[ABOUT THIS TASK] Print, exactly as they stand, the lines below from the one that has "BMW 2 Series" to the one that has "2020 Volvo Xc60 T8 Momentum - zdjęcie 4", inclusive, leaving out the pictures.

[DATA EXTRACT]

*****

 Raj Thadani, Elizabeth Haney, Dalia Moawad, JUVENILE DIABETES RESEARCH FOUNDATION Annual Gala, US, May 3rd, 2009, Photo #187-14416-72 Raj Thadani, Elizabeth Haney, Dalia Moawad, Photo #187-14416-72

*****

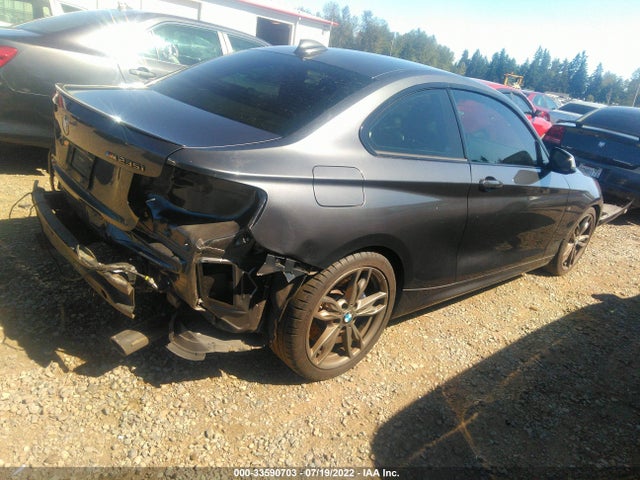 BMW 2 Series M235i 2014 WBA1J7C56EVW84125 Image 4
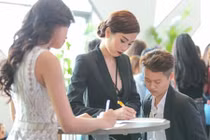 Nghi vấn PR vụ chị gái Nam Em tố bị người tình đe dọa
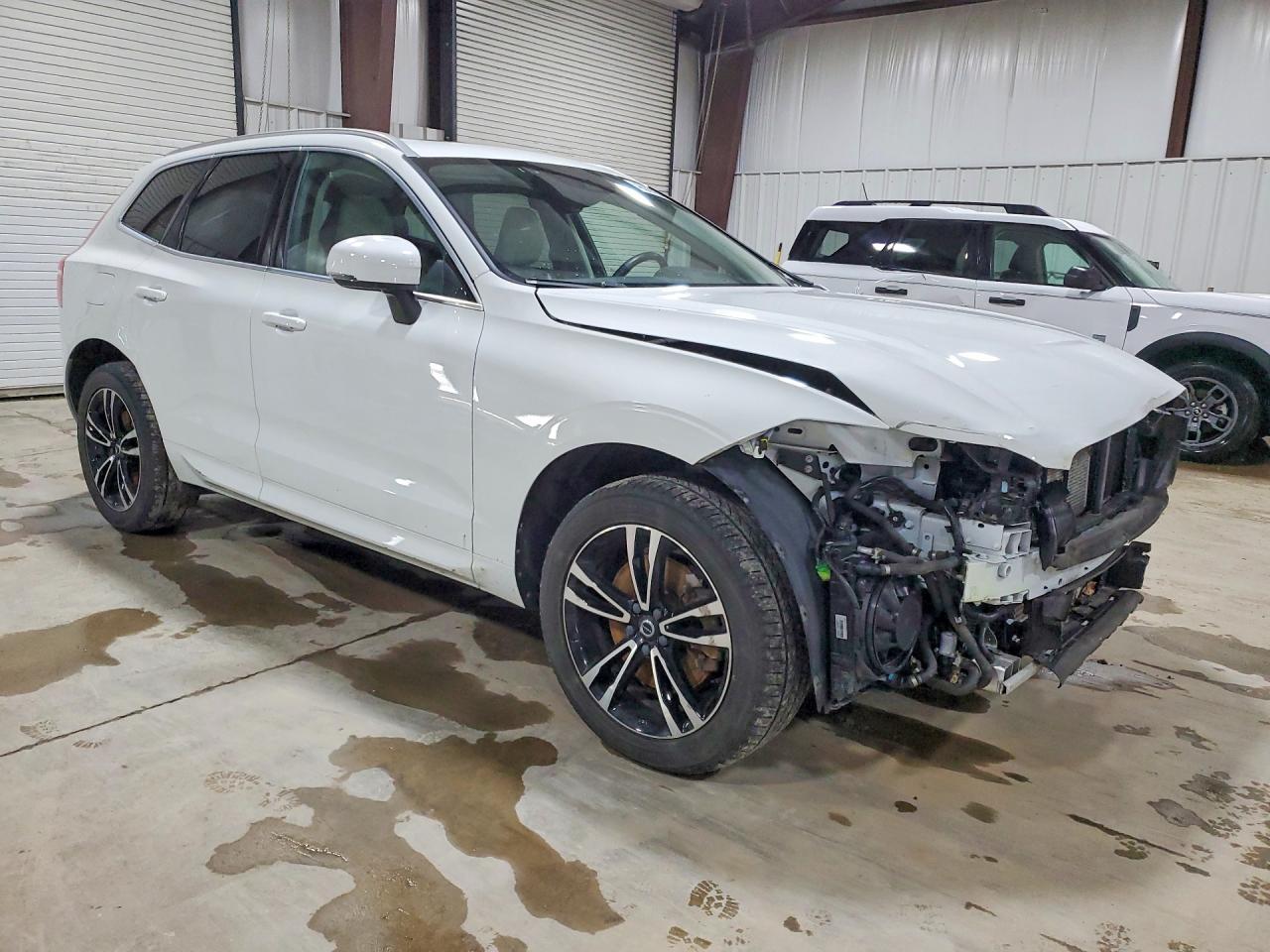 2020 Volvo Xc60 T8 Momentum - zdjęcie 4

*****

[SOLUTION TO THE EXERCISE]
 BMW 2 Series M235i 2014 WBA1J7C56EVW84125 Image 4
 Nghi vấn PR vụ chị gái Nam Em tố bị người tình đe dọa
 2020 Volvo Xc60 T8 Momentum - zdjęcie 4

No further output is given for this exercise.